Blood of different species
There are differences in blood between species.
Humans
Human blood is a liquid tissue; its major function is to transport oxygen necessary to life throughout the body. It also supplies the tissues with nutrients, removes waste products, and contains various components of the immune system defending the body against infection. Endocrine hormones also travel in the blood. (see List of human blood components)
Human blood is red, ranging from bright red when oxygenated to dark red when not. It owes its colour to hemoglobin, a respiratory protein containing iron in the form of heme, to which oxygen binds. It is a popular misconception that deoxygenated blood is blue because veins are blue and that blood only becomes red when it comes into contact with oxygen.

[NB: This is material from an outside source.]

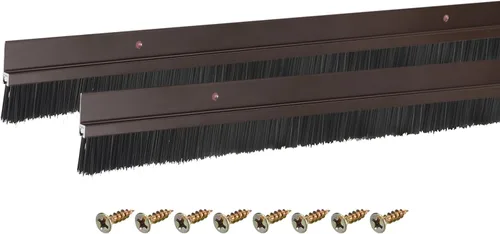 Miniatura 24 de uxcell 2 piezas cepillo de puerta barrido inferior forma H base de aleación de aluminio con cepillo de nailon de 0.4 pulgadas para hogar, industrial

Blood moves in blood vessels and is circulated by the heart, a muscular pump. It passes to the lungs to be oxygenated, and then is circulated throughout the body by the arteries. It diffuses its oxygen by passing through tiny blood vessels called capillaries. It then returns to the heart through the veins.
See circulatory system for a more detailed description of this circulation.
Blood also transports metabolic waste products, drugs and other foreign chemicals to the liver to be degraded and to the kidney to be excreted in urine.
Insects
In insects, the blood (more properly called hemolymph) is not involved in the transport of oxygen. (Openings called tracheae allow oxygen from the air to diffuse directly to the tissues). Insect blood moves nutrients to the tissues and removes waste products.
Small invertebrates
In some small invertebrates, oxygen is simply dissolved in the plasma. All other animals use respiratory proteins to increase the oxygen carrying capacity. Hemoglobin is the most efficient respiratory protein found in nature. Hemocyanin (blue) contains copper and is used in crustaceans. Sea squirts, among others marine life, use a vanadium chromagen (bright green, blue, or orange) for its respiratory pigment.
In many invertebrates, these oxygen-carrying proteins are freely soluble in the blood; in vertebrates they are contained in specialized red blood cells, allowing for a higher concentration of respiratory pigments without increasing viscosity.
Anatomy of blood
Blood is composed of several kinds of corpuscles; these formed elements of the blood constitute about 45% of whole blood. The other 55% is blood plasma, a yellowish fluid that is the blood's liquid medium.
The corpuscles are:
- Red blood cells or erythrocytes (about 99%). These corpuscles lack a nucleus and organelles, so are not cells strictly speaking. They contain the blood's hemoglobin and distribute oxygen. The red blood cells also give rise to the system of blood types.
- Platelets or thrombocytes (0.6 - 1.0%) are responsible for blood clotting or coagulation.
- White blood cells or leukocytes (0.2%), are part of the immune system; they destroy infectious agents.